Question

Problem Set 3 1E: 7

Answer 1

I looks like problem set 3 solutions is missing the answer to 1E:7.
For the first part, is the answer:
\[abs\left( \frac{ v_{1} X v_{2} }{ \left|v_{1} X v_{2} \right| } . \left( p_{2} - p_{1}\right) \right)\]
???

Where v1 is the direction of line 1 and v2 is the direction of v2, and p1 and p2 are points on line1 and line2 respectively?

Thanks!
-Gene

Answer 2

They hint says that "the shortest line segment joining the two skew lines will be perpendicular to both of them". So v1 X v2 will be perpendicular to both lines (since "skew" lines are nonparallel this is legal, otherwise if they were parallel then the cross product would make a zero vector).

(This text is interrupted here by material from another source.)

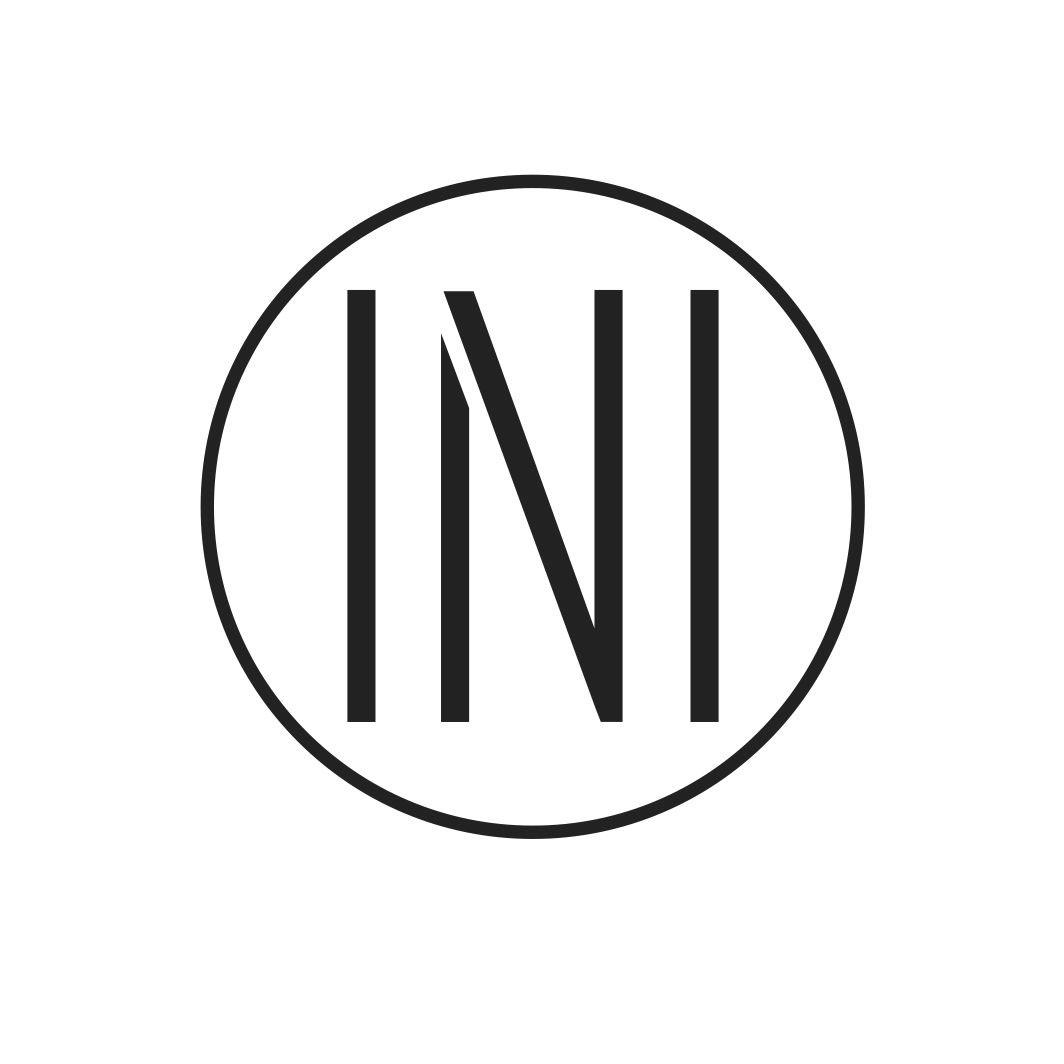 INI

I then normalize v1 x v2 and project a connecting vector onto the normalized ortho vector. The absolute value of this ought to be the shortest distance between the two lines, right?

Thanks!
-Gene

Answer 3

Yes, that is what I found. For the distance between 2 lines, each on adjacent faces of a unit cube, I found a distance of
\[ \frac{1}{\sqrt{3}} = \frac{\sqrt{3}}{3} \]

Answer 4

Ah yeah, I got the same answer for part (b).

Thanks so much Phi!